L’art de ne plus lire la littérature n’est finalement que celui qui
s’autorise à expérimenter avec elle. On comprend alors le scientisme
qu’adopte Moretti – rafraîchissant, sans être glaçant. Ainsi peut-on
utiliser l’analyse des réseaux pour modéliser les intrigues romanesques
sous forme de graphes et discerner une distribution différenciée des
rôles des protagonistes entre le roman occidental et le roman oriental
(tel est l’objet du dernier article du volume, « Network theory, plot
analysis », p. 211-240). Pourtant, cet ethos de la rigueur ne cache
aucune forme d’autorité ni d’aplomb. Moretti préfère assumer, avec
honnêteté et transparence, le statut incertain des hypothèses qu’il
avance, qu’il teste et qu’il soumet à la critique et aux controverses.
Il n’est pas impossible que certaines produisent un résultat inattendu
et surprenant. Et si bien des « conjectures » de Moretti peuvent
paraître contestables, il est de ceux qui, se prêtant volontiers à
l’exercice de la controverse, sont prêts à abandonner leur hypothèse
pour une autre, de meilleure robustesse [4].
Il s’agit là de tourner résolument le dos à certaines pétitions de
principe de l’herméneutique littéraire, car il n’est pas tout à fait
faux de penser que le commentaire de texte consiste parfois à extorquer
aux textes ce qu’on veut en entendre [5].
À la différence de certains subjectivistes retranchés derrière leurs
interprétations, et qui finissent par être indéfendables, à force de se
vouloir inattaquables, Moretti adopte un ethos absolument inverse : sa
démarche est précisément inattaquable, parce qu’il attend qu’on
l’attaque, qu’on le discute, qu’on le conteste.

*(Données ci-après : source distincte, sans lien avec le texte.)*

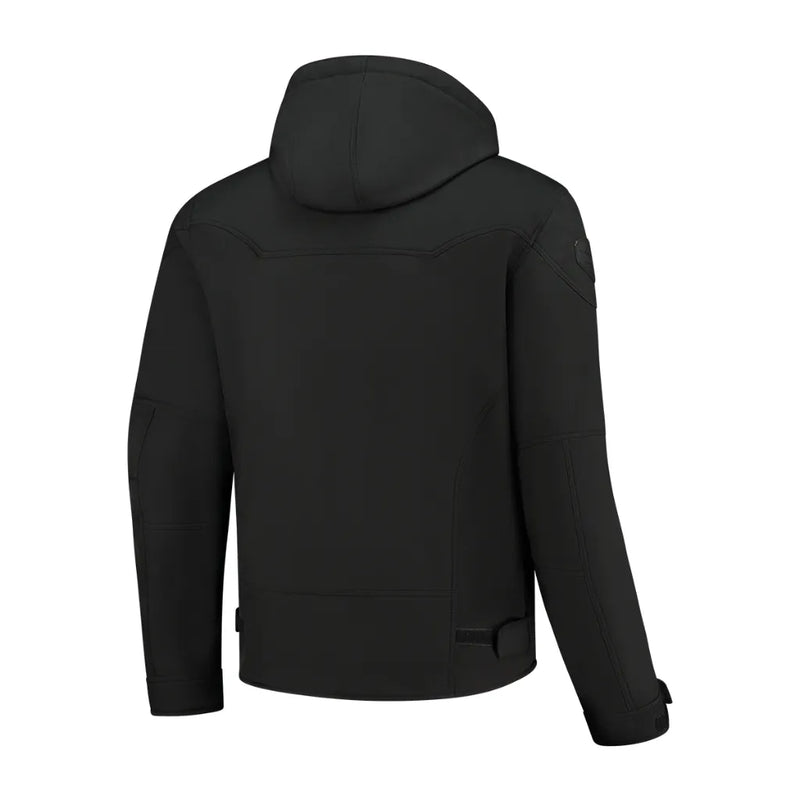 Rusty Stitches William Motorcycle Jacket Black Oil Reflection Reflective Softshell With Protection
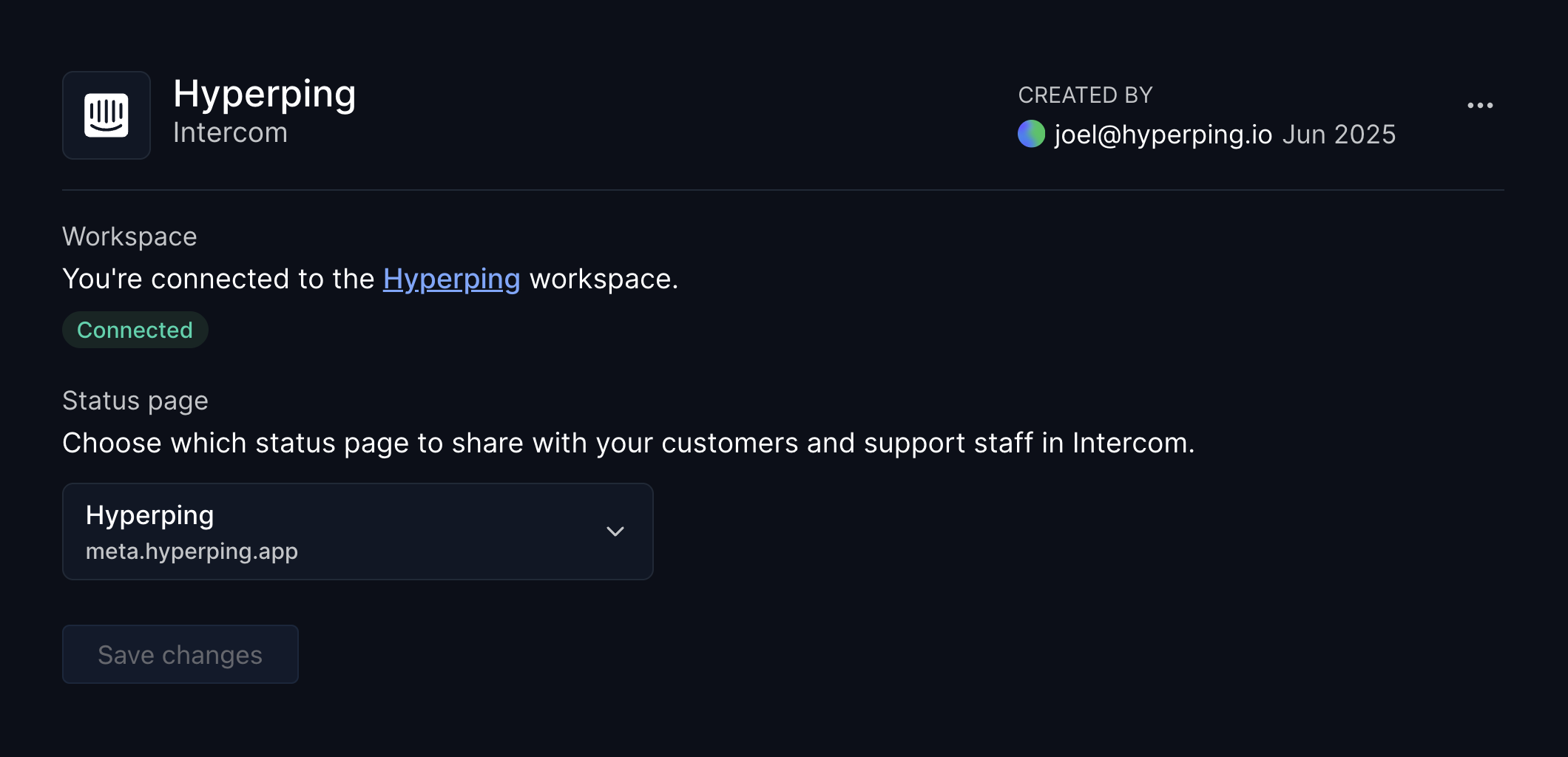 Intercom step 2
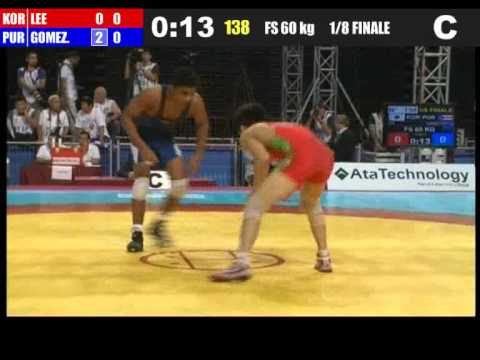 60kg - Franklin Gomez Matos (PUR) vs Seung-chul LEE (KOR) 2011 world championship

Le distant reader doit donc travailler à expérimenter des
modèles qui rendent visible un certain nombre de phénomènes. Autant de
questions posées à ce qui n’est plus un texte qu’on devrait écouter,
mais à des archives qui « ne disent absolument rien tant qu’on ne leur
pose pas la bonne question » [6].
La mise en série de données construit ainsi des objets sans équivalent
dans la réalité empirique (« The end of the beginning », p. 155-158). On
peut réaliser, par exemple, une enquête sur un corpus de 7000 titres de
romans britanniques entre 1740 et 1850 : on remarque qu’ils tendent
avec le temps à se raccourcir considérablement (d’une vingtaine de mots à
environ cinq mots) et, dans le même mouvement, à se standardiser ; on
tente de corréler ces données à la croissance du marché de la librairie
entre le XVIIIe et le XIXe siècle ; autant de graphiques habilement
heuristiques qui révèlent alors la force du marché et les contraintes
exercées sur la production littéraire et sur ses lecteurs [7].
Un tel travail statistique sur la littérature est-il pour autant moins
« littéraire » qu’un commentaire traditionnel de texte ? Rien ne permet
d’en juger.
Mais l’important n’est pas dans ces affaires de discipline et de
méthode. Comme le disait Wittgenstein à propos de certaines figures
héroïques de la science, « le véritable mérite d’un Copernic ou d’un
Darwin ne fut pas la découverte d’une théorie vraie, mais celle d’une
nouvelle et fructueuse manière de voir » [8].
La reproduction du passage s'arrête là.